For only two or three days out of the first 77 days when the system was supposed to be operating was it actually up and running. No wonder one provider has labelled the system a dog. A major component of this IT system is of course the Australian Job Search database. This system seeks to automatch job seekers with job vacancies. The vacancy information sent via various electronic means is supposed to be tailored to the job seeker's skills, work experience and areas of employment interests. But what have we seen? We have seen Joanna, a 53-year-old Tasmanian woman and former art gallery worker, matched with a job requiring a chainsaw licence. We have seen Rosa, a 56-year-old woman from Daylesford, who suffers from severe blood pressure and severe arthritis, matched with a job in the Army Reserve as a combat medic. We have also seen a young Tasmanian man matched with a job in an escort agency and a Western Australian matched with a job seeking someone to launder money. This is on the government's web site. The government is critical of the old operation of the CES. I say this to Minister Brough: the CES did not send people who were unemployed to jobs in escort agencies, while the government system has done that.

I now want to move to the job seeker account. This was the flexible part of the system. There was $900 available to Job Network providers. This fund had a total of $223 million allocated to it. It was there to be used to increase the employability of the unemployed. However, just last week we asked in Senate estimates hearings how much of the job seeker account had been accessed and we were told that, to date, a mere $31.4 million or 14 per cent of the money had actually been used by providers. Providers have been warning for some time that the overly bureaucratic nature of accessing the money in the job seeker account was discouraging its use. In one case study reported in the Australian on 1 March 2004, a rural provider calculated it had spent $75,408 on 3,240 job seeker account transactions without compensation. Unfortunately, when providers raise these issues the government simply ignores the problem. Therefore, the money sits unused in a government bank account rather than being used on the unemployed. The combination of the problem with the lack of numbers, the problems with the IT and the problems with the usage of the job seeker account means that many providers are under severe pressure. A February board report of a major Job Network provider stated:

It is prudent to report to the board the general low ebb in morale that the organisation is experiencing at present—not too surprising, when you recall the historic graph. The situation hasn't happened overnight, but steadily, as our Job Network income has decreased and focus on performance has increased, the result is of course that people have departed either voluntarily or by termination of contract. This is unsettling, naturally.

It goes on:

It is sometimes difficult to appreciate the real wins we have actually made on the board when dealing with the seemingly constant run of problems.

Then it goes on to say:

They really need to see a few small successes very soon, in order to re-energise the morale and provide a light at the end of the tunnel (that hopefully is not a train).

Indeed, I hope that the light at the end of the tunnel for the Job Network is not a train, because that train will run over Job Network providers—decent people, largely operating in not-for-profit organisations, who are not in it for the money but in it because they are committed to the satisfaction that comes from getting someone who is unemployed into work and making a fundamental difference in people's lives.

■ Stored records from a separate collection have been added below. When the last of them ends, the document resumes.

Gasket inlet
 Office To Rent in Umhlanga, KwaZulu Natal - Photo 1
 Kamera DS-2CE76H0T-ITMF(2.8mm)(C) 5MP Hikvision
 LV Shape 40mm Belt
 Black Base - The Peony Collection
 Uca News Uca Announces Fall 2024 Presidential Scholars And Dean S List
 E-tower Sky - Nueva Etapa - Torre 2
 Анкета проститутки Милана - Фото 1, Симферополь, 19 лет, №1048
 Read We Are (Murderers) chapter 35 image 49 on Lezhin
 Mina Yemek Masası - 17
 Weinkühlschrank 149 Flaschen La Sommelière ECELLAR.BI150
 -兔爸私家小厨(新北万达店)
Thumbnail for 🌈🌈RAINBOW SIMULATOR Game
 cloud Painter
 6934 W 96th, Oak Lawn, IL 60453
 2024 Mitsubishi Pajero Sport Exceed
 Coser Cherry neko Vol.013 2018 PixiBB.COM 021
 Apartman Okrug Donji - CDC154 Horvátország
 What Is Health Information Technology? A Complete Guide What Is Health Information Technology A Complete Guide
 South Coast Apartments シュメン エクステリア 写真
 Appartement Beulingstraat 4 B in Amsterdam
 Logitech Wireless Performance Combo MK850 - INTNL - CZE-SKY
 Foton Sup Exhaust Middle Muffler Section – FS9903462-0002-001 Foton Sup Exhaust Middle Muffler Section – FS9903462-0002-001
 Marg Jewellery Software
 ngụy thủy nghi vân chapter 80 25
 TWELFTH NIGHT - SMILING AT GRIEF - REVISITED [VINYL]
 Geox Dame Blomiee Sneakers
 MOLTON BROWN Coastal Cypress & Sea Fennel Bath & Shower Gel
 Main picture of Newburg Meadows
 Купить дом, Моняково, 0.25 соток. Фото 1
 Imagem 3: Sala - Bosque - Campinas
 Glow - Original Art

But, more importantly, the unemployed at the moment simply are not the priority of the government. The priority of the government is defending the flawed system rather than acknowledging that the problems are there. Unless you acknowledge the problems that are there, you cannot take the steps to fix them, and that is what the minister needs to do. Just last week the head of a Dubbo job agency called for the service to be overhauled. The CEO of the OEC group, Rod Cooke, said a contract system that worked in the city was sending battling regional agencies broke. In the Daily Liberal, which is the local newspaper in Dubbo, he said:

We're all hoping we can convince the Government to wake up to itself and give us the money we need to run their employment service.

The article says:

Mr Cooke said regional agencies were wearing the cost of trying to source jobs in areas where high unemployment meant few “outcomes” are achieved.

“A survey of rural providers showed they are operating at 80 per cent of expected income and 120 per cent of expected expenditure,” he said.

That is not the Labor Party but the CEO of a Job Network provider in rural Australia saying that. I concur with Mr Cooke's comments and the comments that are being made by providers all around the nation that the government does have to wake up to itself. It does have to make changes, because it needs to back up the system that is only struggling to keep going because of the commitment of Job Network providers and Centrelink staff. (Time expired)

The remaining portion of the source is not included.